Citizens, the state entity set up to be the Sunshine State's insurer of last resort, has become Florida's largest property insurer. Though recent legislation has allowed Citizens to gradually increase rates, past efforts to artificially depress rates has kept Citizens in competition with the private market.
“Florida is on the right track but its problems will not be solved overnight,” Hartwig says. “It will take [Gov. Rick Scott's] entire first term and probably beyond that. The problems of Florida can only be solved gradually.”
That is because the new attitude to permit rate increases at Citizens and among primary carriers cannot immediately dig Florida out of the hole it dug due to legislatively suppressing rates following busy hurricane seasons in 2004 and 2005. Actuarial soundness can only be achieved over time unless insurers are permitted to institute enormous rate increases.

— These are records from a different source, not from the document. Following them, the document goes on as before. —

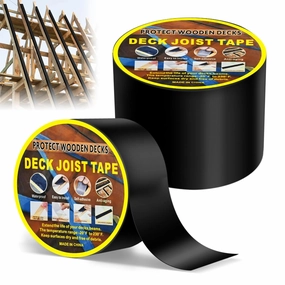 AccEncyc 2 Rolls Butyl Joist Deck Tape, 4 Inches & 2 Inches Waterproof Self-Adhesive Weatherproof RV Roof Tape Black for Wood Decks Joist Beams Roof (50 ft)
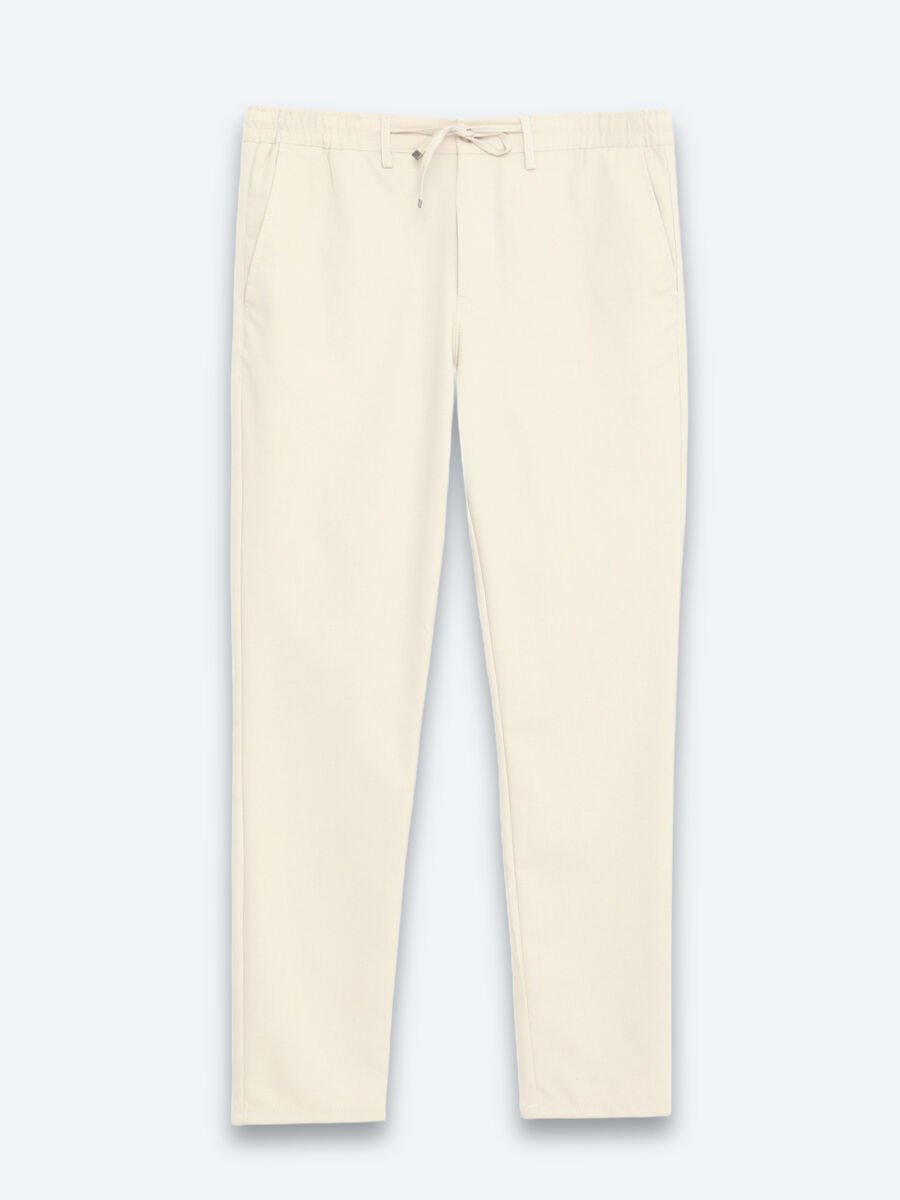 Koyu Bej Düz Dokuma Jogging Fit Casual Pantolon - 6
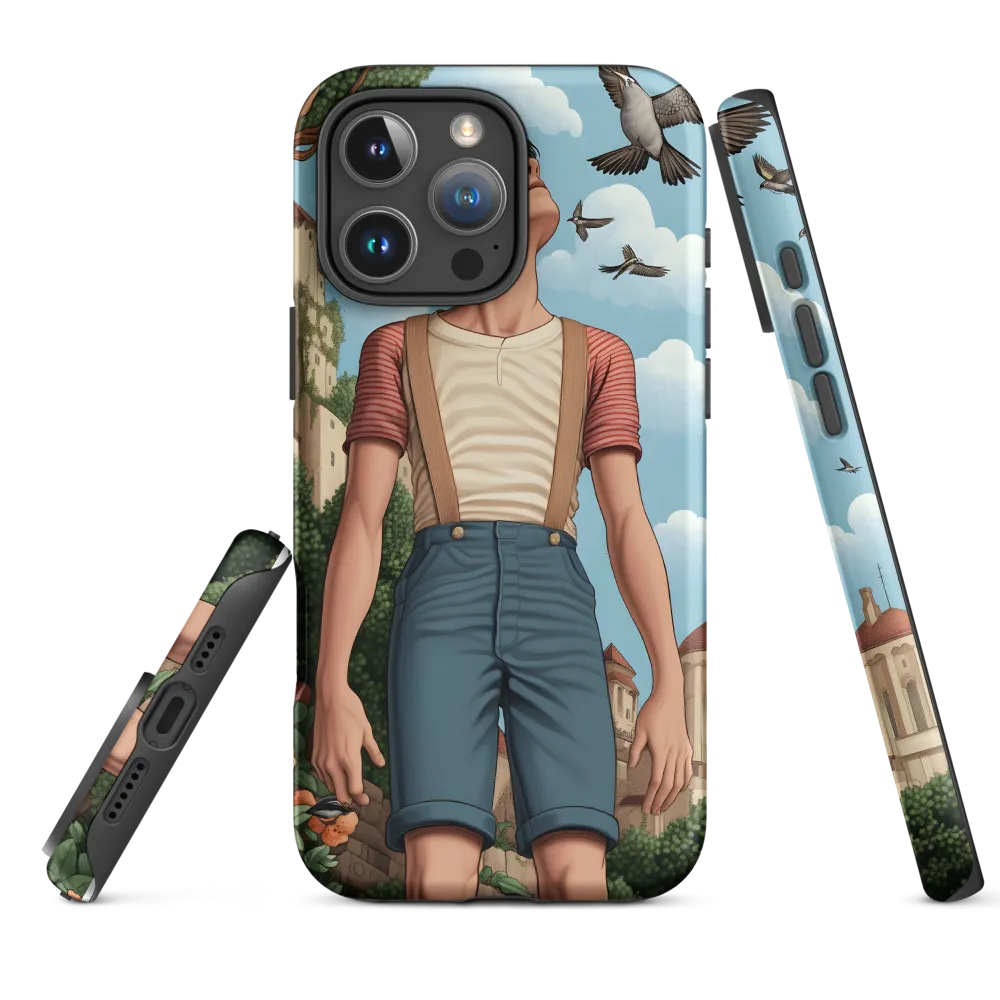 Boy with Suspenders in Scenic Landscape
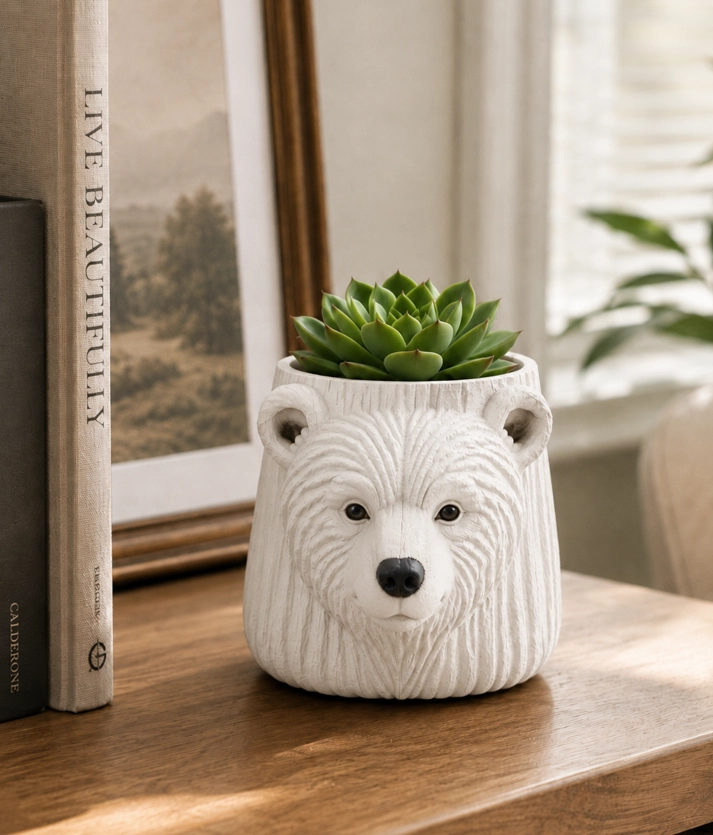 MACETERO DECORATIVO HOGAR- FORMA OSO 6 CM BLANCO - 3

Insurers would like to see more legislation making it more difficult for new leadership to come in and change the progress that has been made, Hartwig notes.
Direct-written premiums in homeowners' multi-peril increased 9.2 percent compared to an increase of 4.9 percent in the rest of the U.S. in 2010
However, in 2008, direct written premiums in Florida decreased 15.6 percent in 2008 compared to a 0.5 percent increase for the rest of the U.S.
Hartwig recently gave a presentation in Orlando, Fla. at the Annual Insurance Summit. The economist's comprehensive slideshow outlines the insurance industry's role in Florida's growth as the state recovers from the overall U.S. economic crisis.
Florida's economy sank faster than the rest of the U.S, as the real-estate bubble burst and unemployment rose.
Scott and other officials are also leading a charge to reform the state's no-fault law, which requires drivers to buy $10,000 in personal injury protection (PIP).
Hartwig's presentation reveals fraud and abuse in the state's PIP system has cost Floridians $1 billion since 2009.
This fraud and abuse has basically attached a “fraud tax” to insurance rates. In 2011, this average estimated fraud tax is $57.60 per vehicle in Florida.